Renan já teve de renunciar ao posto que hoje ocupa, à frente da Câmara Alta, para salvar o mandato de senador.
Cunha teve recentemente seu afastamento da presidência da Câmara solicitado pelo procurador-geral da República.

O ESTADO DE S. PAULO
Renan Calheiros, presidente do
Senado, e Eduardo Cunha, no comando da Câmara dos Deputados, são evidências
mais do que suficientes de que a política brasileira não é muito exigente em
matéria de qualificação moral de suas lideranças. Ambos ostentam currículos que
são uma festa para a banca criminalista. Renan já teve de renunciar ao posto
que hoje ocupa, à frente da Câmara Alta, para salvar o mandato de senador.

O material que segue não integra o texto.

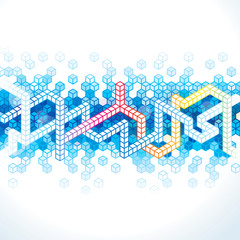 Abstract digital background, blocks structure connections.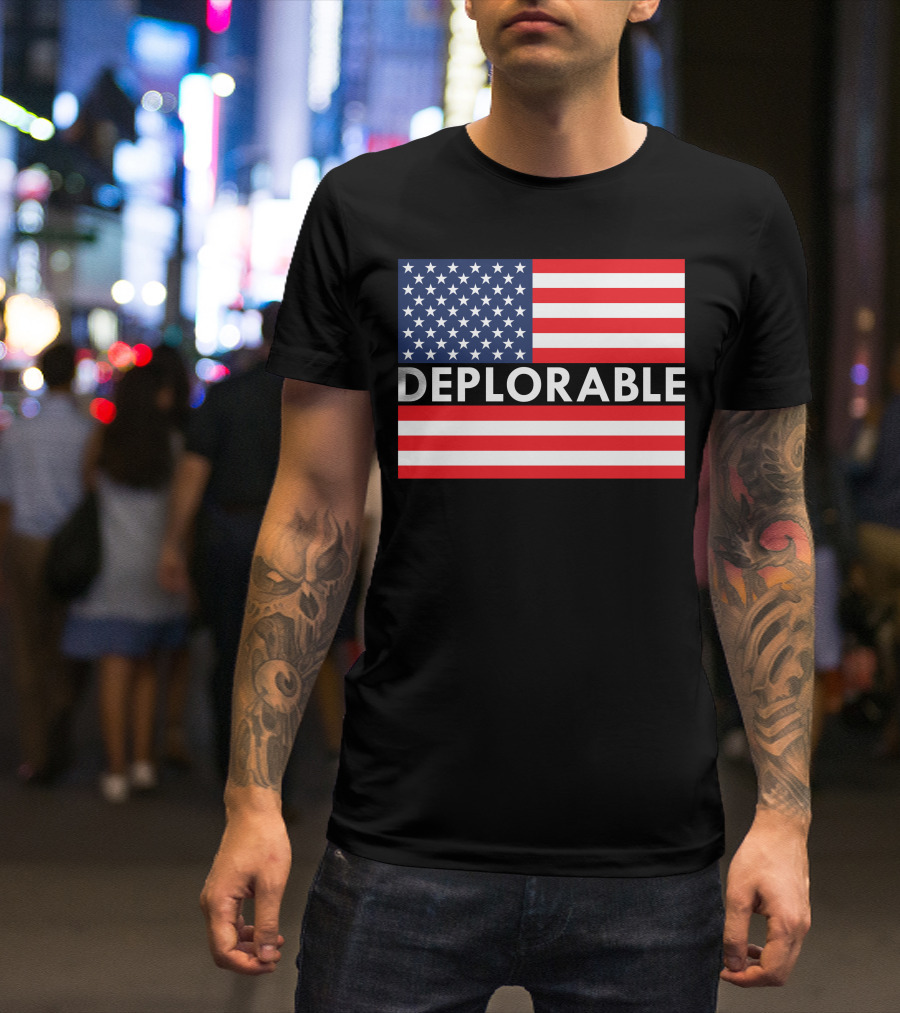Deplorable Stars And Stripes American Flag T-Shirt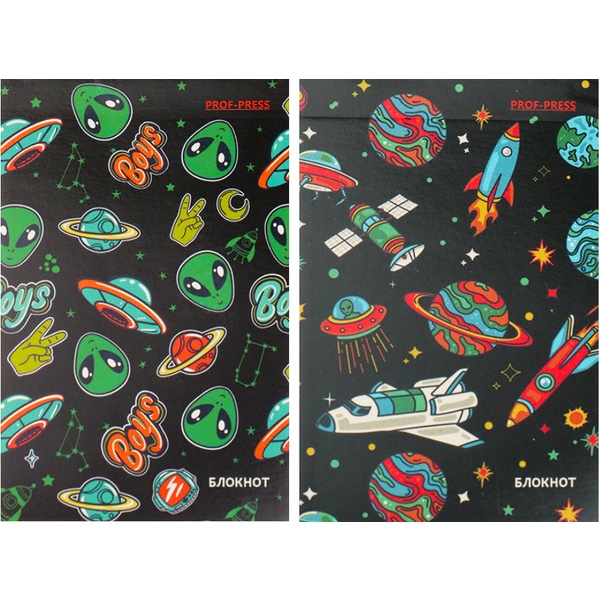 Блокнот на склейке А7, 48 л., клетка, 60 г/м², Prof-Press Переполох в космосе_2 дизайна Акция!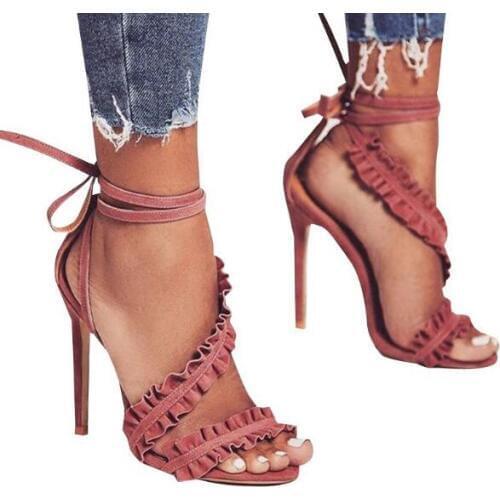 Drop Shipping Summer New Women Brand White/Burgundy/Green/Red Lotus Leaf Flounce Gladiator Cuts Out Lace Up High Heel Sandals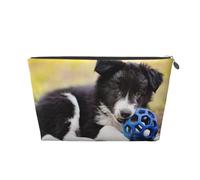 Border Collie Chiens Chiot Animaux Bordure Noire, Trousse de Toilette Trousse de Maquillage Sac à cosmétiques Trousse de Toilette de Voyage Portable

Tanto um como outro, em resumo, frequentam investigações da polícia e do
Ministério Público. E Cunha teve recentemente seu afastamento da presidência da
Câmara solicitado pelo procurador-geral da República. Só continua onde está
porque o ministro Teori Zavascki, que coordena no Supremo Tribunal Federal
(STF) as ações da Operação Lava Jato, preferiu só pensar no assunto em
fevereiro, depois do recesso do Judiciário.
Dos dois presidentes em que a polícia
está de olho o mais aflito é, disparado, Eduardo Cunha. Seja porque sabe onde
lhe apertam os calos, seja por conta de seu temperamento inquieto e pela inclinação
a atos de ousadia, seja, finalmente, porque se deu conta de que se esgotaram
suas manobras de bastidores, Cunha decidiu esquecer o recesso parlamentar,
botar fé no velho e bom alvitre de que o ataque é a melhor defesa e partir para
cima de dois alvos simultaneamente: Renan Calheiros e a Operação Lava Jato.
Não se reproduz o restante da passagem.